Duplessis was not premier until 1944 and there was no exemption. He was a Union Nationale "bleu" who despised and was despised by the Liberals, who were in Ottawa throughout the war and were hardly looking for his support. They were looking for his defeat. Quebec at the time was ultramontane, pacifist and xenophobic, and there were indeed crypto-fascist, anti-semitic student movements inspired by Mussolini and Franco that marched in the streets before the war in small numbers calling for all manner of things that didn't happen. They were about as determinative as Father Coughlin. You may not have heard, but Canada fought Germany rather forcefully. Do you really think English-Canadians would have sat back and watched their sons sent to die in Europe while Quebec took a pass?

The draft was indeed unpopular in Quebec, which is why it wasn't implemented until later in the war, but there was no exemption.

Geez, man, with anti-semitism on the rise around the world for reasons very different than in the past, you'd think we could do better than try and beat the drum for a distorted history. Wanna answer for American conservative values from that era?

Posted by: Peter B at October 11, 2004 8:44 PM

I remember reading about this several years ago and I will have to look into it, because I do take facts seriously. When I was last in Quebec City a few years ago, I saw the statue of Duplessis which makes a reference to his fight against compulsory military service for Quebecois during WWII.

Mordechai Richler's description of the riots makes them sound a lot more serious than you make them out to be.

Posted by: Bart at October 11, 2004 8:56 PM

When Canada goes to war with Denmark where will the Canadian deserters go? Cuba?

Posted by: carter at October 12, 2004 1:42 AM


Hanover, N.H. Can't think of a place where they'd be more welcome.


Oh, he fought it, all right, but he lost. I'm not going to pooh-pooh the riots or Quebec's anti-semitism, but do you mock America's war effort because of the KKK or anti-semitic bullying in the immigrant communities of NYC? Richler's accounts are chilling, but the man did make Quebec his home most of his life. If you were a Montreal Jew watching it happen, it was terrifying, (but, in truth, more threatening than damaging) but compared to what was going on elsewhere, it was minor and, most importantly, unpopular. King was a weak jerk who did nothing to help Jews and probably didn't care, but it is ridiculous to suggest he was an active anti-semite who encouraged riots. I don't even think Duplessis was that.

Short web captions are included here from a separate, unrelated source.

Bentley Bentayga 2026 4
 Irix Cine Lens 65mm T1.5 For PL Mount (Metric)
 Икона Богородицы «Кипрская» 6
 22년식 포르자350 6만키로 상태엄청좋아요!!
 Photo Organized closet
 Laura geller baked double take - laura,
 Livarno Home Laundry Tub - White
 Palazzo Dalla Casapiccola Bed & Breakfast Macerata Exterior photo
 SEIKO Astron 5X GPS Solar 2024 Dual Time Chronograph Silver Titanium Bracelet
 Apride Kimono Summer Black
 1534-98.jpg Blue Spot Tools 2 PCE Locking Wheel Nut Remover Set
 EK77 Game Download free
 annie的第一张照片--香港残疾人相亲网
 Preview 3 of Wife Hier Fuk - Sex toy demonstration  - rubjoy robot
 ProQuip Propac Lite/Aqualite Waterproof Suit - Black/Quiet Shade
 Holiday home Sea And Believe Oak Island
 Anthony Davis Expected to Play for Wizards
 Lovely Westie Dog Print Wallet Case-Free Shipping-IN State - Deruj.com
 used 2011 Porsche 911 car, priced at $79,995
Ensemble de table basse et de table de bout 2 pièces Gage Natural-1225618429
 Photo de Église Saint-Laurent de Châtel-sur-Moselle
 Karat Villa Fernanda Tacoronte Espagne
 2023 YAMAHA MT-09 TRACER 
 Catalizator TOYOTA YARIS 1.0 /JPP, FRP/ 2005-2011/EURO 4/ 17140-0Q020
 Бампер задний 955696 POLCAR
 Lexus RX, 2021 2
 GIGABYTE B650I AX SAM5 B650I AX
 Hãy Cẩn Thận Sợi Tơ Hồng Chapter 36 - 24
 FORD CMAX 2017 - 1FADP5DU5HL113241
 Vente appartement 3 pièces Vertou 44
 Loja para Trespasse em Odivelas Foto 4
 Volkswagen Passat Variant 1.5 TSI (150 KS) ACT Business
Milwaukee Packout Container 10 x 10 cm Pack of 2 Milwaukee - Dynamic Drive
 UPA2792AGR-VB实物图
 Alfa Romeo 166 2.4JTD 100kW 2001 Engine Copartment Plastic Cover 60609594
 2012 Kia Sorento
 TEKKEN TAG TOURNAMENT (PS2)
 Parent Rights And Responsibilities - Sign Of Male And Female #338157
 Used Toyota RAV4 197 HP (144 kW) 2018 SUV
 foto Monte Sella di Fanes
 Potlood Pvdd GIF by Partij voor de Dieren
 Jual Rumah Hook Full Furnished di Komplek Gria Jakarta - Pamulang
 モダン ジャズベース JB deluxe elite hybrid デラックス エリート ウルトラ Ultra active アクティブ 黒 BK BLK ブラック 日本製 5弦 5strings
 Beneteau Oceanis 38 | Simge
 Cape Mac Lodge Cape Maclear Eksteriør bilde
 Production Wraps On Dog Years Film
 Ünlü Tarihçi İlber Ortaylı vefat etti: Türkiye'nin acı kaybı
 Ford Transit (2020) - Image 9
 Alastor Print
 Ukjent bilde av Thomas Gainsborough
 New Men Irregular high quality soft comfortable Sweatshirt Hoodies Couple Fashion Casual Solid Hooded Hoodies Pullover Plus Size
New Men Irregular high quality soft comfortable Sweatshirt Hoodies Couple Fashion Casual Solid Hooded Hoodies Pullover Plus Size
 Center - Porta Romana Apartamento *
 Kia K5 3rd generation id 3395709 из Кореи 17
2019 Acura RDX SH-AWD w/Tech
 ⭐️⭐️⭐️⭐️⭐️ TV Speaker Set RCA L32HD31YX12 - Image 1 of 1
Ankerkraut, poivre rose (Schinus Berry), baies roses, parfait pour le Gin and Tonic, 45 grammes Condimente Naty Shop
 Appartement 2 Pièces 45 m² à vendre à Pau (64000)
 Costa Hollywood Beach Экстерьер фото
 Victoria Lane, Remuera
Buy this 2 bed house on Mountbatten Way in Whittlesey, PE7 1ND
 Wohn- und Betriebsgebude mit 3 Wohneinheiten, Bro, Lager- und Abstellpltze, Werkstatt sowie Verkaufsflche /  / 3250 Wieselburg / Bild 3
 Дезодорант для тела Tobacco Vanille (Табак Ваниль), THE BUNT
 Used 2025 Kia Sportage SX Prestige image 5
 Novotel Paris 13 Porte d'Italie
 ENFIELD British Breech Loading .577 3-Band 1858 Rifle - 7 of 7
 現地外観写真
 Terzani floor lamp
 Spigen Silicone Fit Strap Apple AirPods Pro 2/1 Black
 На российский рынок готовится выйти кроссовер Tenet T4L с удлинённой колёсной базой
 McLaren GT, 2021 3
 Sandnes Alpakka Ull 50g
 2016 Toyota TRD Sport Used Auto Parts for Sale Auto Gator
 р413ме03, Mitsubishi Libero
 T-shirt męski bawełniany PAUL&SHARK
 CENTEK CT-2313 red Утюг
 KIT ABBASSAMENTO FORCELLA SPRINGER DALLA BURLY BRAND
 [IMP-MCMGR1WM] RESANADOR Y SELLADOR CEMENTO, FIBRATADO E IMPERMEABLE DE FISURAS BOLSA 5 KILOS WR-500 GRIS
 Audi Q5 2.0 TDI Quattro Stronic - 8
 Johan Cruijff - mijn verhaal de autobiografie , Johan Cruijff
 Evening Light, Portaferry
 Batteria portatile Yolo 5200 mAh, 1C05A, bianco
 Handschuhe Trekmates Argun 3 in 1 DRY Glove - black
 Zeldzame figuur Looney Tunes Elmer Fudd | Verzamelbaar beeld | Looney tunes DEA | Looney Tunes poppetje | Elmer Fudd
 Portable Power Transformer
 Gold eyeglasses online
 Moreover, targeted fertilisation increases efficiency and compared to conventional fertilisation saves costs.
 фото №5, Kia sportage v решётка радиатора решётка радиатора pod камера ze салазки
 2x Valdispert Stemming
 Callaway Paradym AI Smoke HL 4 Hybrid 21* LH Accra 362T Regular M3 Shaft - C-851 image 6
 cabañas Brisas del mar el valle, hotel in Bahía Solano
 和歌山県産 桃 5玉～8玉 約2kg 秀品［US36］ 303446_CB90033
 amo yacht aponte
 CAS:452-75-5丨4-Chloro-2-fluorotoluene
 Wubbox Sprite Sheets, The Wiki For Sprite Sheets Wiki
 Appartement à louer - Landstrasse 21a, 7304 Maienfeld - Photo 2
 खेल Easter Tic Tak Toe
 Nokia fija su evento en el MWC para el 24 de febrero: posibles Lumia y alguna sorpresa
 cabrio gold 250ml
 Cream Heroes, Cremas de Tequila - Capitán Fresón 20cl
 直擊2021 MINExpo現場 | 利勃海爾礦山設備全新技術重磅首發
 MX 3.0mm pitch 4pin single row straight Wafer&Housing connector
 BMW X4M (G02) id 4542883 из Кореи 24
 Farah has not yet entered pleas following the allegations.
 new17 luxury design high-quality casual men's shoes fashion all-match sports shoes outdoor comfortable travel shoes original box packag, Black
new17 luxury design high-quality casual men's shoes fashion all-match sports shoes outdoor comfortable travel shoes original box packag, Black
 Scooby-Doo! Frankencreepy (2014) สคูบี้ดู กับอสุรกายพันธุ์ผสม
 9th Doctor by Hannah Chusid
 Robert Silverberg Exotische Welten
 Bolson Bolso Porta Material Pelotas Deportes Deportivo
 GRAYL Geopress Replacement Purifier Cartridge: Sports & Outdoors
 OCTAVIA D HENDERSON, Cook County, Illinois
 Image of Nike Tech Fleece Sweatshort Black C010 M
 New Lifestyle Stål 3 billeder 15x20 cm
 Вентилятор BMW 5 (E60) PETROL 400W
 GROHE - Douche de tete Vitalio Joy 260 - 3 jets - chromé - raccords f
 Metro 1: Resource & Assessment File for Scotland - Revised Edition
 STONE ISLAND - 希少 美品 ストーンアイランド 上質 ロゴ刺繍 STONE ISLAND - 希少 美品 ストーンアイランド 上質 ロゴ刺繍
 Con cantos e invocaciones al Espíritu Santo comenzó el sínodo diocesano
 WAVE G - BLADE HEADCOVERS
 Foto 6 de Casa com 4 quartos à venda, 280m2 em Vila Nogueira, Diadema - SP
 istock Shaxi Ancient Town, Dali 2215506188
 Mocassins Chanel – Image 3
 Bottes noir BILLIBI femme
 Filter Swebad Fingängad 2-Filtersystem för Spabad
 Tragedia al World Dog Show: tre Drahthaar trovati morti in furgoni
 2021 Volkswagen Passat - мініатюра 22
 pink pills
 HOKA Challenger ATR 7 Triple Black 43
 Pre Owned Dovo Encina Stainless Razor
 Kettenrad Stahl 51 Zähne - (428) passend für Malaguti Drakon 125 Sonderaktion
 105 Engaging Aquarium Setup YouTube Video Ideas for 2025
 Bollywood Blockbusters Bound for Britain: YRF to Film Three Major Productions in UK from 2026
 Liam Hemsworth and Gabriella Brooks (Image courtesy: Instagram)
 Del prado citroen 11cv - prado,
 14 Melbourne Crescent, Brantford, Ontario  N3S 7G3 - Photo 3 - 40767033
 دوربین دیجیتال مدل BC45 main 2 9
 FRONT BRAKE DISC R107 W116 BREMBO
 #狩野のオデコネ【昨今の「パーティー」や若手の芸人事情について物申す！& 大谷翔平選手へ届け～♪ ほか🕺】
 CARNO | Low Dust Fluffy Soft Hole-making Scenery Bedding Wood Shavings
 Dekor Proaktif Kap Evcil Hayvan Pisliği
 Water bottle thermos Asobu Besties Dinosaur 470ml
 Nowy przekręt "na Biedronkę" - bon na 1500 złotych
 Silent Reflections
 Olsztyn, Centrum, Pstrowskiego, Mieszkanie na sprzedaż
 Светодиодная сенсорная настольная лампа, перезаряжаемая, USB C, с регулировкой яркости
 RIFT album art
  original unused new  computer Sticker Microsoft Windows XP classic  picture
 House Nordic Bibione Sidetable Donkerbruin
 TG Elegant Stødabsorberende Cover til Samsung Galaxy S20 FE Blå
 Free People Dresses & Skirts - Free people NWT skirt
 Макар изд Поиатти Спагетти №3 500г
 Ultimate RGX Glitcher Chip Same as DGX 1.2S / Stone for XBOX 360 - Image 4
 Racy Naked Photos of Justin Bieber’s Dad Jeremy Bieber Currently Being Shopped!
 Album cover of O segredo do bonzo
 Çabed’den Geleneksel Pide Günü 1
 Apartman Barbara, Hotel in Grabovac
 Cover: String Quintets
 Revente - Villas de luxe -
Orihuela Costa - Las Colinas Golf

The reason I am going on about all this is that I am angry when the anti-semitic, anti-Israeli acts of today, like the Montreal school bombing and Concordia riots, are dismissed by the progressive community as just a re-emergence of dormant historical trends they blame solely on long-dead traditionalists or religious thinking. They wring their hands, go on candlelight marches, blame a religious influence that has long disappeared, and then call for more anti-hate legislation and a fairer deal for the Palestinians. It is fine to know one's history, but modern types tend to use history as a teflon shield--seeing themselves as blameless because they insist modern evils all stem only from historical creeds and beliefs they reject. It doesn't help when we aid and abet them by painting pre-war Quebec as akin to pre-war Europe.

Posted by: Peter B at October 12, 2004 6:38 AM

It's absurd to think that a man who joined the US Army and applied for Ranger School was a pacifist before he got orders to Iraq.
Further, if Spc. Hinzman abhors killing, why did he serve a tour in Afghanistan, where he supported those who killed ?

Perhaps in his mind, Iraqis are human, and Afghanis are the Other.

Posted by: Michael Herdegen at October 12, 2004 7:09 AM

Irving Abella in None Is Too Many has gone into great detail about King's Jew-hatred.

The recent riots at Concordia and the public statements of Svend Robinson and others are merely Canada returning to form, not anything new.

Posted by: Bart at October 12, 2004 11:23 AM

You mean that the U.S. Army Ranger School isn't a haven for pacifists and draft dodgers? Who knew?